You could cut it into strips and clip it onto the side of their cage.


----------



## cool disel (Aug 10, 2009)

thank u very much for the replys.. i can't wait to go home and start building toys for them 


cheers...


----------



## Mythara (Apr 9, 2009)

There's a list of all the toy making parts I use on here: http://www.feathersandforage.co.uk/?p=534


----------



## cool disel (Aug 10, 2009)

thanx alot for the link


----------



## Peanutbutter (Jun 29, 2009)

practice golf balls
wood pale handles
large plastic buttons
plastic beads - wide assortment
acrylic pieces - mostly lucky finds
drinking straws
Popsicle sticks & craft spoons
Natural Hemp Twine/String (craft store: I use this for pretty much EVERYTHING)
Stainless Steel wire from a kitchen whisk... (SS & nickel plated metals are safe.)
plastic chain 
balsa wood planks (hobby store)
basswood planks (hobby store)
untreated (non smelly or oily) sisal rope (hard to find locally)
pieces from old games, like the CandyLand men... or monopoly houses.
cat toy balls w/ bells (PLASTIC bells only, NO "jingle" bells)
sucker sticks (craft store)
corn cobs (with or without corn. Dried)
coconut shells... (directions online for drying)
Craft wood clothespins (no metal ones)
LEGO's
wood beads and shapes (craft stores... flower pots, bowls, pot handles)
Wheat pasta
Finger trap toys (put millet inside, hide beads inside, slide down a dowel perch, etc)

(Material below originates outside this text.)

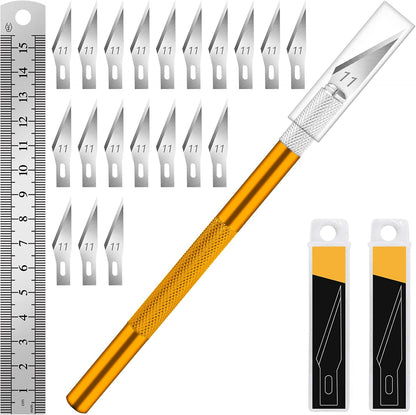 Craft Hobby Knife Set with 10 Extra #11 Blades, 6-Inch Metal Ruler | Exacto Knife for Crafting, Precision Cutting for Polymer Clay, Paper, Vinyl, Stencils & Models, Artists & Hobbyists, Purple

Birdie pinatas can be made "paper mache' style w/ brown paper bags, water balloons, and wheat flour.

Bird toys = hobby.


----------



## cool disel (Aug 10, 2009)

Peanutbutter said:


> practice golf balls
> wood pale handles
> large plastic buttons
> plastic beads - wide assortment
> ...


thank you very much for the list


----------



## Di_dee1 (Feb 20, 2009)

Also the kitchen can be a great source of stuff, plastic small things you can drill a hole through and string up, eg measuring spoon.


----------